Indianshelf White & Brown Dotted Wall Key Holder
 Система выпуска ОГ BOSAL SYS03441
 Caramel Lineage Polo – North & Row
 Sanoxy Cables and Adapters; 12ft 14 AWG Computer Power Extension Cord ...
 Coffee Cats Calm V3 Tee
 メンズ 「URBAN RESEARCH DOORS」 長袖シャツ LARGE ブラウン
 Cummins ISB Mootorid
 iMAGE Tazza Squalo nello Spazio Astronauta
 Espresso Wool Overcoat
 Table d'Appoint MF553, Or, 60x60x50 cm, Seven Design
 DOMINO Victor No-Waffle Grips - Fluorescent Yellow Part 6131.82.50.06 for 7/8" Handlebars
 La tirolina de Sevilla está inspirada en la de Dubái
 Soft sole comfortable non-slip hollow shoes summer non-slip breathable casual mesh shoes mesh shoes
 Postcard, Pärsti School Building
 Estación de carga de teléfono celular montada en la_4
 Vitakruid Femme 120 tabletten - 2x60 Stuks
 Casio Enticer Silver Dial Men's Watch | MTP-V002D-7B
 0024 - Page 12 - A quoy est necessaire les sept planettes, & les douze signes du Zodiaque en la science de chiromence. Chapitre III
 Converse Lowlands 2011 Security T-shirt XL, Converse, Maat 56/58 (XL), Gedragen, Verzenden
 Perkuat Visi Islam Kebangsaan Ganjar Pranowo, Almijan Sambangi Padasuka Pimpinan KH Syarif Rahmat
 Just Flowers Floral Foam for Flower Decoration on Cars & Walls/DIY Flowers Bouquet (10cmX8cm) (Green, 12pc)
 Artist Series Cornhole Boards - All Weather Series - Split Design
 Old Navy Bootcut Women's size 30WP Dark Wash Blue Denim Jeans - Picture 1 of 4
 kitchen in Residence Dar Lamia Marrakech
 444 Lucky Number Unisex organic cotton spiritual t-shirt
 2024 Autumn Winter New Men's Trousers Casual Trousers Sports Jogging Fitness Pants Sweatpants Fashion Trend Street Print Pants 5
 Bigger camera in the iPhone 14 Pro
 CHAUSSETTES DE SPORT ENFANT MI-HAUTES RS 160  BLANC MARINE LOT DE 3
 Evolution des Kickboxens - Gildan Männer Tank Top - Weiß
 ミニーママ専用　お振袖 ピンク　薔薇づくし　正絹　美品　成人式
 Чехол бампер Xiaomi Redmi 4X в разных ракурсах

## Exercise brief:
Looking at the data above, give the number of lines that include "shirt"; add nothing else.

## Solution for this task:
2